Aquella Jiang Yuan había nacido con una piel cristalina y una estructura ósea perfecta, de cejas finas y ojos cautivadores; un par de ojos de fénix que irradiaban agudeza en medio de su encanto.

No poseía la delicada debilidad de las mujeres corrientes, sino que parecía gallarda y decidida.

Jiang Yuan no hizo la reverencia acostumbrada como otras mujeres, sino que juntó las manos hacia Zhong Lin y dijo: —Saludos, Hermano Mayor Zhong.

No esperaba que fueras tú quien nos escoltara a la Capital esta vez.

—¿Me conoces?

—Hermano Mayor, debes de estar bromeando.

¿Quién en la Secta del Crisol de Espadas no te conoce, Hermano Mayor Zhong?

Después de todo, los Alquimistas de Cuarto Grado son incluso más escasos que los Artistas Marciales de Tercer Grado Superior, y además, eres muy joven —dijo Jiang Yuan con una leve sonrisa.

El hombre que acababa de hablar con Zhong Lin abrió los ojos de par en par por la sorpresa, mirando a Zhong Lin.

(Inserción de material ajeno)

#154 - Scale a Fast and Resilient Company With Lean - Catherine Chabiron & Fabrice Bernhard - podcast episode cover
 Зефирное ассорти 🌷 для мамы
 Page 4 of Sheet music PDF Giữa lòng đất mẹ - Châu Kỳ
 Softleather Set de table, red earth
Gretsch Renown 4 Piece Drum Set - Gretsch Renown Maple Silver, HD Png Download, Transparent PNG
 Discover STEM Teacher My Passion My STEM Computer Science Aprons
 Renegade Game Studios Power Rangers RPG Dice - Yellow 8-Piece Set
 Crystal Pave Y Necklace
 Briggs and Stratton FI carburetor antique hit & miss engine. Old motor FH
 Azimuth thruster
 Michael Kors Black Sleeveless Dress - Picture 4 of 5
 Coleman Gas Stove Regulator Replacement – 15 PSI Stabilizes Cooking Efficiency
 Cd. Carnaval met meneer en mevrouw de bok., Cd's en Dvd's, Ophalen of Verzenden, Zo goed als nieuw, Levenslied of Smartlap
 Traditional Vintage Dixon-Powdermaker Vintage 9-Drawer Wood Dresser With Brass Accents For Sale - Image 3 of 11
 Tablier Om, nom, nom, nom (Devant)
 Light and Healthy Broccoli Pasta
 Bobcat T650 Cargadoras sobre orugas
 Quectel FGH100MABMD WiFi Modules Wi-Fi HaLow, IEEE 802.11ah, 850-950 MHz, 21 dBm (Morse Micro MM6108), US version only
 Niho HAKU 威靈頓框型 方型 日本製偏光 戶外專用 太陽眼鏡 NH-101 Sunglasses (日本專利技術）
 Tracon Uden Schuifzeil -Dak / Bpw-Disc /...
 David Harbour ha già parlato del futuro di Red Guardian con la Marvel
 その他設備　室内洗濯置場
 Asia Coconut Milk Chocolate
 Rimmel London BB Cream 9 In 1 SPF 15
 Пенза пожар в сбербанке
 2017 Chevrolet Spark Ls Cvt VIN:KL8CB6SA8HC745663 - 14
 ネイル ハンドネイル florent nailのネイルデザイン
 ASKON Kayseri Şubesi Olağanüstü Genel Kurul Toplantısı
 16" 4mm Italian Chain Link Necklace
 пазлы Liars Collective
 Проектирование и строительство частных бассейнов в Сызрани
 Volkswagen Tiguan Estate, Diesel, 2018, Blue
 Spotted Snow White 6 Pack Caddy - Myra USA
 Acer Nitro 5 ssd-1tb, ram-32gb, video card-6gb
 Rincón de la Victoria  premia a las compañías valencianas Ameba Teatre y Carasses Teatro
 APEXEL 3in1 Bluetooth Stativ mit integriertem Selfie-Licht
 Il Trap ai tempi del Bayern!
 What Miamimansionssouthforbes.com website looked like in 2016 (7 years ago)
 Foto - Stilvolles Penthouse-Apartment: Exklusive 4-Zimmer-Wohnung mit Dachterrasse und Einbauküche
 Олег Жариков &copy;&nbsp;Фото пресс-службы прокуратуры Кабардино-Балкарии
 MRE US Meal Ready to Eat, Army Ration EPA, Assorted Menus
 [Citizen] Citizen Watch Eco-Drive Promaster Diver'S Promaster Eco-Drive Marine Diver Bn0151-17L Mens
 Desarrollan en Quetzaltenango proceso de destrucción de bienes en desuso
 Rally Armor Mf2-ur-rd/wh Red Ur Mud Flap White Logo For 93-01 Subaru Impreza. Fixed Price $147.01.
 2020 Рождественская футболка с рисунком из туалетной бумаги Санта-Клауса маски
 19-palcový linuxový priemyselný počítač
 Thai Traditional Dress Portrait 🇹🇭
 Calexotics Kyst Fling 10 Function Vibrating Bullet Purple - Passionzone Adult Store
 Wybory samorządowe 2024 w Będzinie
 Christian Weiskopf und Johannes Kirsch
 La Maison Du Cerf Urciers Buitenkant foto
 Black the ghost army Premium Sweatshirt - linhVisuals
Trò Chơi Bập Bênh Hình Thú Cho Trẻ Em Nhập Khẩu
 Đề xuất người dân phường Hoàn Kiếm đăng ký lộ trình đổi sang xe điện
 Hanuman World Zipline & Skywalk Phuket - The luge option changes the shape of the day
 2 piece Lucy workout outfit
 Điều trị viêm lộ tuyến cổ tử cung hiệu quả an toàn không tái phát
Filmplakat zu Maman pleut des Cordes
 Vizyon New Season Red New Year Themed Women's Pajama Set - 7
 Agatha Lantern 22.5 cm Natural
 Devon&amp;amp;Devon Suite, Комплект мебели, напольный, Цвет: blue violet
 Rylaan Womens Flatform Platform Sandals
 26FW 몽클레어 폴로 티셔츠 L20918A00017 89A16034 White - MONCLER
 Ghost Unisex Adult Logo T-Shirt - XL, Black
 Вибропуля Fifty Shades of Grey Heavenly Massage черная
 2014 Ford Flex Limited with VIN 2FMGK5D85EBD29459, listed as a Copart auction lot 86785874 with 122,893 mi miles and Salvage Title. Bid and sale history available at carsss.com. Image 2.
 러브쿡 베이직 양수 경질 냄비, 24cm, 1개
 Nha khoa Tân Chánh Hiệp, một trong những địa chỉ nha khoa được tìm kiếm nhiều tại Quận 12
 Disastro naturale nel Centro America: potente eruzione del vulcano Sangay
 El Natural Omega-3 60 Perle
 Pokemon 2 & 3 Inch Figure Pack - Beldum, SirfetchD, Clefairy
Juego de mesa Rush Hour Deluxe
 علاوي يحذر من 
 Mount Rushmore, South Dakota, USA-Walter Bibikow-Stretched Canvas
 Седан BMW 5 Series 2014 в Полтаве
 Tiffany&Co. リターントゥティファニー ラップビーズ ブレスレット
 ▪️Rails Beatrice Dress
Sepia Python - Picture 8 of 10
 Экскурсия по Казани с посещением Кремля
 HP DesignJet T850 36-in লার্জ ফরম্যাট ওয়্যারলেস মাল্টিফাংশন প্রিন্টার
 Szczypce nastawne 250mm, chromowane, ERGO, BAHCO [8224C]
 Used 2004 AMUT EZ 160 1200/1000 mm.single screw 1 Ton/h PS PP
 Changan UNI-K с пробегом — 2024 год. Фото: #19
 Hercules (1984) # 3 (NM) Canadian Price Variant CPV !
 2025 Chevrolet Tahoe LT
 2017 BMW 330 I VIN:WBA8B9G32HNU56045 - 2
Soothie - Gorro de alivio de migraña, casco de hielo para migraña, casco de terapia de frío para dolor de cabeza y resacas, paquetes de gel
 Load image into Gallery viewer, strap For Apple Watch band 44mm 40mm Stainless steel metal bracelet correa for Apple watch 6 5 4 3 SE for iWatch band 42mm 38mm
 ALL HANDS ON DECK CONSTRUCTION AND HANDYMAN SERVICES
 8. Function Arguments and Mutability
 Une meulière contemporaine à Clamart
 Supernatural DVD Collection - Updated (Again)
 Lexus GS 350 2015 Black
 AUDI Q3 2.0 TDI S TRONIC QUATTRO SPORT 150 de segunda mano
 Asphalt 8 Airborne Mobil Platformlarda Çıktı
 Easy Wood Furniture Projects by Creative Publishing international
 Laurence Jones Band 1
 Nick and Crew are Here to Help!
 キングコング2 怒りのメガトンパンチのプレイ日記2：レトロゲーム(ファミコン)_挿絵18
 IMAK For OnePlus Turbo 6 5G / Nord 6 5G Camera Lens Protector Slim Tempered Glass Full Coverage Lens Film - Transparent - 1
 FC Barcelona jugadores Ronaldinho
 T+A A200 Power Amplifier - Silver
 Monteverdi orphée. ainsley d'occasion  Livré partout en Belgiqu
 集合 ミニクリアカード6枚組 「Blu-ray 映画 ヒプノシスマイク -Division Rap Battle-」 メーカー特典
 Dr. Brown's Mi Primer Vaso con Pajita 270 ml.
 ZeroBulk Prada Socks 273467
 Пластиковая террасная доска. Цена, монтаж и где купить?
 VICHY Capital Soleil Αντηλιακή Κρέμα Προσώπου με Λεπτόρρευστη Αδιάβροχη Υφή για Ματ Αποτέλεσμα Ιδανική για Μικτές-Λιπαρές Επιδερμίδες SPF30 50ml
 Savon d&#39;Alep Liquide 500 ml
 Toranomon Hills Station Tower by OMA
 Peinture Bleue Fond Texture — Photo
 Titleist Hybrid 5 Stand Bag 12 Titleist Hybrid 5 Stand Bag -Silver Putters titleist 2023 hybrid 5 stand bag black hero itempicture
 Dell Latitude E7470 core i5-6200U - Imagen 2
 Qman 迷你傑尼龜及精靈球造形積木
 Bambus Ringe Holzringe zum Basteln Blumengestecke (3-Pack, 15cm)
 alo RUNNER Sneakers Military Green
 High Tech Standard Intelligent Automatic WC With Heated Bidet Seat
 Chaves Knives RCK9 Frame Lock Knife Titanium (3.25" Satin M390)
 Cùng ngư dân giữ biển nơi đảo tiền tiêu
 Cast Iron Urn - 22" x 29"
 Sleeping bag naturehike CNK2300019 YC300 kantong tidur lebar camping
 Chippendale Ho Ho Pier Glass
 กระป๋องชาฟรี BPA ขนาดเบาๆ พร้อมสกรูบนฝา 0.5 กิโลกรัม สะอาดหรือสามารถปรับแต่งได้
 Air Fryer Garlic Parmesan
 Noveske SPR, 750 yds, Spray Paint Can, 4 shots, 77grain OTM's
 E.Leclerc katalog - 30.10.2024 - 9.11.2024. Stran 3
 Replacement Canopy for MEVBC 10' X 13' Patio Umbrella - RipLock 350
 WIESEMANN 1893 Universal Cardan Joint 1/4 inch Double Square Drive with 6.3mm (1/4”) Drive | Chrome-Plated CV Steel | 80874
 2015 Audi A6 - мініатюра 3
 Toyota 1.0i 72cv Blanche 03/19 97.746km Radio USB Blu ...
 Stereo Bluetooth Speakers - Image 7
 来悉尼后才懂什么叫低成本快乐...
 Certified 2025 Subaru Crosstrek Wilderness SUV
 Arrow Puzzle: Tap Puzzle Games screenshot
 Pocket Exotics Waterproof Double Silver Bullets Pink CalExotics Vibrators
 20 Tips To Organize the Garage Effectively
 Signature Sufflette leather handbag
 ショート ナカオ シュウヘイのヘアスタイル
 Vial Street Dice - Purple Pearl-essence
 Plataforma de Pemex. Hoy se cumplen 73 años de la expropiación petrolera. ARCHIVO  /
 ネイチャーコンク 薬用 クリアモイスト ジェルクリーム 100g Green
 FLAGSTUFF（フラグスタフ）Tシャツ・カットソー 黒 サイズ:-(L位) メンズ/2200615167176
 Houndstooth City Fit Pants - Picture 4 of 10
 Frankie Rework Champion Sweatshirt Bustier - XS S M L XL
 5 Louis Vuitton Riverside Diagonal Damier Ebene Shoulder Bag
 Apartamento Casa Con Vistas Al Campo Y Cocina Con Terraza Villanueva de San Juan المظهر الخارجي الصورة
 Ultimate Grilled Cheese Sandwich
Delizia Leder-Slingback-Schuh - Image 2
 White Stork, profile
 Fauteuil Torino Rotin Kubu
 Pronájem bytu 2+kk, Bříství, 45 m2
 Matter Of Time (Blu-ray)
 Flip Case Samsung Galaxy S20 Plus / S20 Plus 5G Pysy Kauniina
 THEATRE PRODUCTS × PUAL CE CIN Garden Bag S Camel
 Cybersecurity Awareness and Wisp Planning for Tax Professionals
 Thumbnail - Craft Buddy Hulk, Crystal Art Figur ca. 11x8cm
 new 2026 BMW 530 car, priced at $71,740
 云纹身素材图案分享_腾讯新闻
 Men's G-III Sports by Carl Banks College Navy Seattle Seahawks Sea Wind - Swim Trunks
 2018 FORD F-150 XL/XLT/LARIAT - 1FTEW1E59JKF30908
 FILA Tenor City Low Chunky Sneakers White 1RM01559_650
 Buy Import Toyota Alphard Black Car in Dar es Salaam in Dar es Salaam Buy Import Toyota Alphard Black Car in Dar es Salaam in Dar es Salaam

¿Un Alquimista de Cuarto Grado?

¿He oído bien?

La civilización de las Artes Marciales ha florecido junto al Dao de la Alquimia; ambas se complementan mutuamente.

Los alquimistas son escasos por naturaleza; un Alquimista de Tercer Grado sería invitado como huésped distinguido en cualquier potencia, por no hablar de un Alquimista de Cuarto Grado.

Además, un Alquimista de Cuarto Grado es equivalente a un Artista Marcial de Tercer Grado Superior, considerado de gran nobleza.

Incluso si fueran a la Capital, hasta los Príncipes de la Familia Imperial se inclinarían ante ellos, y el Emperador no se atrevería a molestarlos.

Nadie esperaba que el escolta esta vez fuera un Alquimista de Cuarto Grado, y además tan joven.

Solo se puede decir que es una gran secta en verdad; solo una secta así puede formar discípulos tan excepcionales.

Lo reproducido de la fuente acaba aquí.